In one or more embodiments, the directory index field (208) is a portion of data that corresponds to an assigned entry index in a local file system object metadata of the file system server managing the file system object. For example, if the file system object is the first indexed entry in a file system object metadata (182, FIG. 1B), the directory index field (208) may correspond that entry index. Alternatively or additionally, in one or more embodiments, the directory index field (208) may include a value corresponding to the directory index of the file system object in the corresponding directory that parents the file system object. Other information may be indicated in the directory index field (208) without departing from the invention.

For example, for a file system object that is indexed fourth in a directory of a file system, and the corresponding I-node (202) indexed second in the file system object metadata of the file system server, the directory index field (208) may include any combination of: (i) a value indicating the second index in the file system object metadata, and (ii) a value indicating the fourth index in the directory.

In one or more embodiments, each of the object type field (204), server base index field (206), and the directory index field (208) may be assigned a predetermined number of bits of data to encode the given corresponding information. The number of bits assigned to each field (204, 206, 208) may be based on the expected maximum total number of a given variable.

In an example I-node, four bits are reserved for the object type field (204), twelve bits are reserved for the server base index field (206), and forty-eight bits are reserved for the directory index field (208). In this example, the I-nodes of a file system may encode up to 2{circumflex over ( )}4 (i.e., 16) different types of file system objects, up to 2{circumflex over ( )}12 (i.e., 4096) file system servers, and up to 2{circumflex over ( )}48 (i.e., 2.81×10{circumflex over ( )}14) number of file system objects indexed in a file system. In this setup, the directory index field (208) may include additional information such as, for example, ownership of the file system object, permissions, timestamps, file size, and location of the data blocks on a storage system for the corresponding file system object. Other information may be indicated in the directory index field (208) without departing from the invention.
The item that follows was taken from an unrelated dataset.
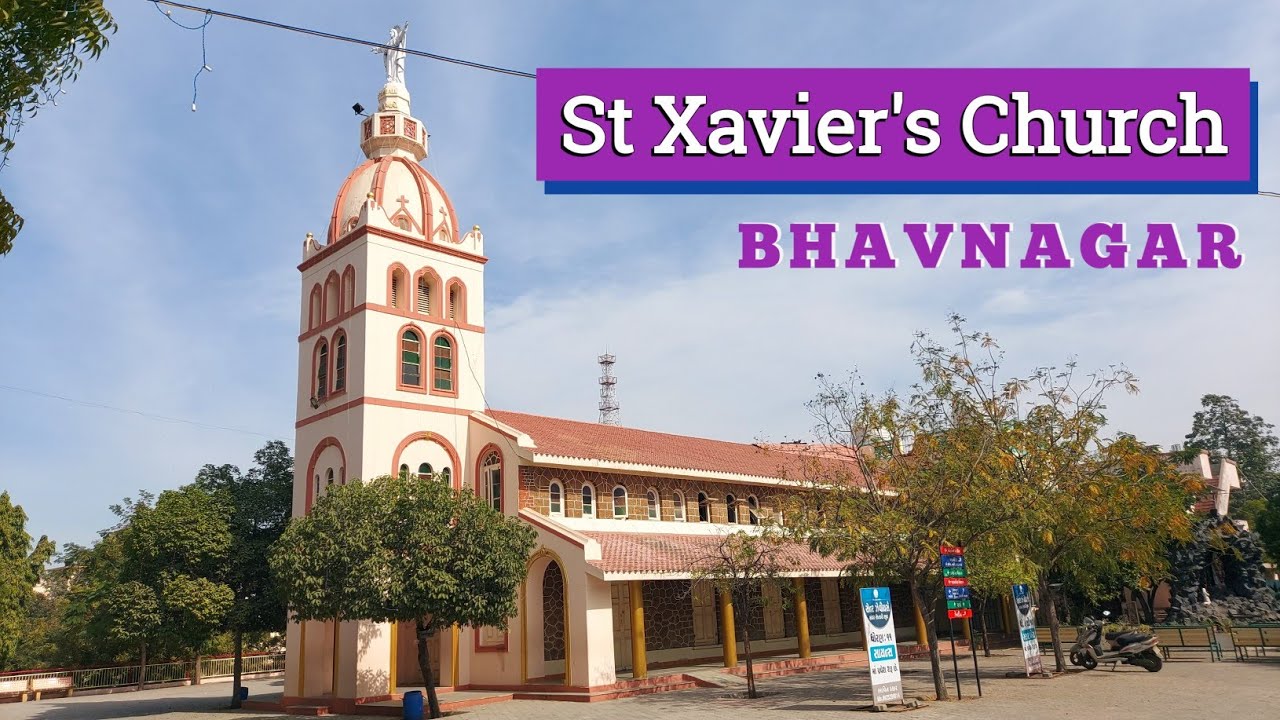 St Xavier Church Bhavnagar ✝️ | Catholic Church In India | Christian In Gujarat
FIG. 3A shows a flowchart for managing requests for I-nodes in accordance with one or more embodiments of the invention. The method shown in FIG. 3A may be performed by, for example, a file system server (142, 144, FIG. 1A). Other components of the system illustrated in FIGS. 1A-1C may perform the method of FIG. 3A without departing from the invention. While the various steps in the flowchart are presented and described sequentially, one of ordinary skill in the relevant art will appreciate that some or all of the steps may be executed in different orders, may be combined or omitted, and some or all steps may be executed in parallel.
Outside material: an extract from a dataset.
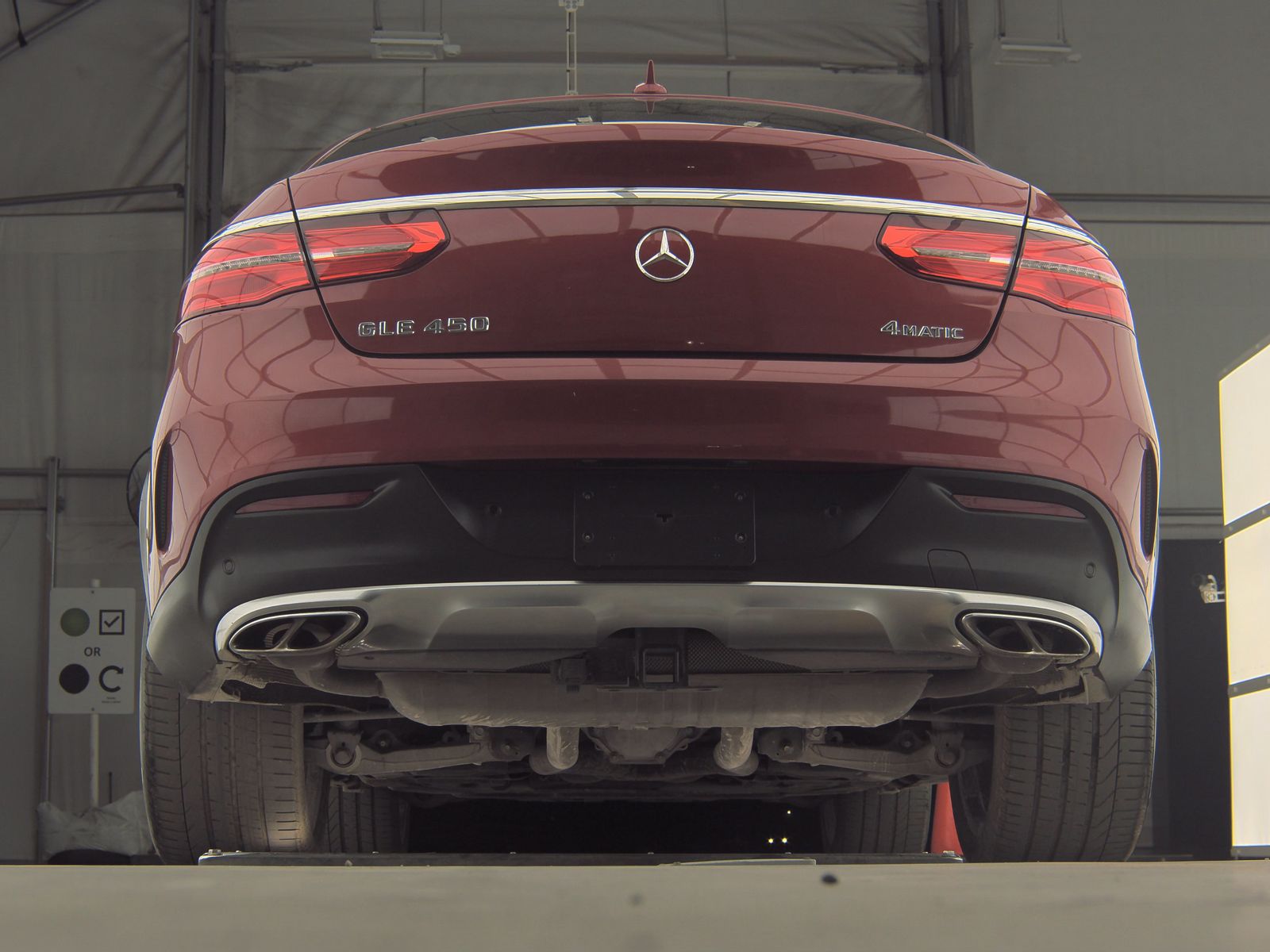 2016 Mercedes-Benz GLE AMG GLE 450 AWD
Turning to the method, in step 300 (FIG. 3A), an I-node associated with a file system object is obtained. In one or more embodiments disclosed herein, the I-node is obtained from a request by a client device to access the file system object. As discussed above, the file system object may be a directory, a regular file, and/or any other type disclosed or not disclosed herein.

In step 302, the file system server determines, using a server base index field of the I-node, that the file system server is associated with the I-node. In one or more embodiments, the file system server reads the corresponding field of the I-node to confirm that the file system server manages the file system object corresponding to the I-node.
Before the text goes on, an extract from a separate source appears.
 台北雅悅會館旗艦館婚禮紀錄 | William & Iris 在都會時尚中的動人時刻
In step 304, the file system server uses the directory index field and the file system object metadata to locate the data associated with the file system object. In one or more embodiments, the file system object metadata are indexed based on the directory index field specified in each I-node. The file system server uses the directory index field of the received I-node to identify the associated entry in the file system object metadata.

In one or more embodiments, the metadata specified in the identified entry is based on the type of the file system object. For example, if the file system object is a directory, the data to be obtained is a list of the file system objects that the received file system object is parent. The list is obtained from storage in the file system server.

Alternatively, if the file system object is a file (e.g., regular file, FIFO special file, block file, etc.), the identified entry includes metadata for obtaining the file data from the storage system. The data may be obtained from the storage system using the metadata.

In step 306, the data is provided to the client device. The provided data may be, for example, a list of file system objects if the received I-node corresponds to a directory, or file data if the I-node corresponds to a file.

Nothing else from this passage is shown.